BRIEF: Lines below starting with the line with "Glass Predator, Craig Schaefer" and going on through the line with "Britain and the American Cinema" must be output exactly; the rest of the records must be left out.

PROVIDED INFORMATION:
*** Begin section ***

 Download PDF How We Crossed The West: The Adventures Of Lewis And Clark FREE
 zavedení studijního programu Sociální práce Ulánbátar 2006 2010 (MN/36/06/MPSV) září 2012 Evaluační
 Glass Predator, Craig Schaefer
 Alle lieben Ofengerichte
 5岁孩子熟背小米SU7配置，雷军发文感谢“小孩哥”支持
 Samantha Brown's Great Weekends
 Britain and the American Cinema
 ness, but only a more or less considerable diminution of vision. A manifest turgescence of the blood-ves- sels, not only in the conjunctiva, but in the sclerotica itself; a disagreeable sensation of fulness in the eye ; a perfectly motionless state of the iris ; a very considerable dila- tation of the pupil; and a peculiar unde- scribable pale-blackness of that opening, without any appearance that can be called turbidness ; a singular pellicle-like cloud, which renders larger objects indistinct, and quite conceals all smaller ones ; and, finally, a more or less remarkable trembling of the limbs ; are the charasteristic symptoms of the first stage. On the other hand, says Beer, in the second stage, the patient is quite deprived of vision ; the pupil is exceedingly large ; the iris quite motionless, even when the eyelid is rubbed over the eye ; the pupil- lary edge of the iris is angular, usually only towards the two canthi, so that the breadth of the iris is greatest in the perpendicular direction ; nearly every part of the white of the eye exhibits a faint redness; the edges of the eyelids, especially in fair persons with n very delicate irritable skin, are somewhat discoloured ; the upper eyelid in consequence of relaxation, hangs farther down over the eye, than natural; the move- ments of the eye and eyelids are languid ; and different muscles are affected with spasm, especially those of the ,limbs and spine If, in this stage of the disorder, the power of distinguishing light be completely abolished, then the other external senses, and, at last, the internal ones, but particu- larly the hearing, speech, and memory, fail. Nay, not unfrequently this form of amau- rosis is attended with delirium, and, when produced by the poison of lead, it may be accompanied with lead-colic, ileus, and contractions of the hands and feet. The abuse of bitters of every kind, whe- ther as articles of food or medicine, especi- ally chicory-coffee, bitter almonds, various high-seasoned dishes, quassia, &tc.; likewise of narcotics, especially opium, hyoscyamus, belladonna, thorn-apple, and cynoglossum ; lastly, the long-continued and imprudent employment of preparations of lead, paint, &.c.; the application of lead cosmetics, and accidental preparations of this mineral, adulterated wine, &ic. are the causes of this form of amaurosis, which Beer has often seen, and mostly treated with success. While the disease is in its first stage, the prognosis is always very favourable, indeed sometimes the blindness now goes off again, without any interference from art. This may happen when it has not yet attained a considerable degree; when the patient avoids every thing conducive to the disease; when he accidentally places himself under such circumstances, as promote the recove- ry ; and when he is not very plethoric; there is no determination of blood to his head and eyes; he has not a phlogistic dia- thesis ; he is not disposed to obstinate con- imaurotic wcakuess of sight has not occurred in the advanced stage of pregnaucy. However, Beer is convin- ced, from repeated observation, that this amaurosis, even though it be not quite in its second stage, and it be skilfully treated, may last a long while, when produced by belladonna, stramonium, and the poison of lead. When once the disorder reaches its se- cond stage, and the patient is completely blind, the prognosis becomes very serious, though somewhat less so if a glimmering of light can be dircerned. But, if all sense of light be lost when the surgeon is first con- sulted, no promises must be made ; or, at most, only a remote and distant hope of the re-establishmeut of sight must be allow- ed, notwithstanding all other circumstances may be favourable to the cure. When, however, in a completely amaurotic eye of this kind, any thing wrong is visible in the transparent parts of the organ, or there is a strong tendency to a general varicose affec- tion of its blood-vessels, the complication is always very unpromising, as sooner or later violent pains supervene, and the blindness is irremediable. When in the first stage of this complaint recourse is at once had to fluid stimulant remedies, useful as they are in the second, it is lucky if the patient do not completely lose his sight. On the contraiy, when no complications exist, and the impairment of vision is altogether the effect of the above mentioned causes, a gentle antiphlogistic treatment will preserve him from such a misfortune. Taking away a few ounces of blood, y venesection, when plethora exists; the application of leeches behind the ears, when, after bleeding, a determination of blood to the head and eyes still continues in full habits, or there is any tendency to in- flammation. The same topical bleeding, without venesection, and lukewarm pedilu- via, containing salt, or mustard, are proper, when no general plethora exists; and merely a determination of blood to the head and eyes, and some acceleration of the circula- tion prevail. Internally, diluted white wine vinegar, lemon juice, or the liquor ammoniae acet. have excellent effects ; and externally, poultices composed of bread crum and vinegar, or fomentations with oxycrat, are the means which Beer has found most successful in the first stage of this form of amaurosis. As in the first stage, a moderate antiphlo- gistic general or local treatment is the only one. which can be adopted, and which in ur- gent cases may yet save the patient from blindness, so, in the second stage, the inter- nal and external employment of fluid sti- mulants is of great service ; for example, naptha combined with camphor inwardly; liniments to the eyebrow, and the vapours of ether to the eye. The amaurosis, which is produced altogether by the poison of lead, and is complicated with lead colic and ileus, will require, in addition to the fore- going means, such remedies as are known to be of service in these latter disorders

*** End section ***

ANSWER TO THIS PROBLEM:
 Glass Predator, Craig Schaefer
 Alle lieben Ofengerichte
 5岁孩子熟背小米SU7配置，雷军发文感谢“小孩哥”支持
 Samantha Brown's Great Weekends
 Britain and the American Cinema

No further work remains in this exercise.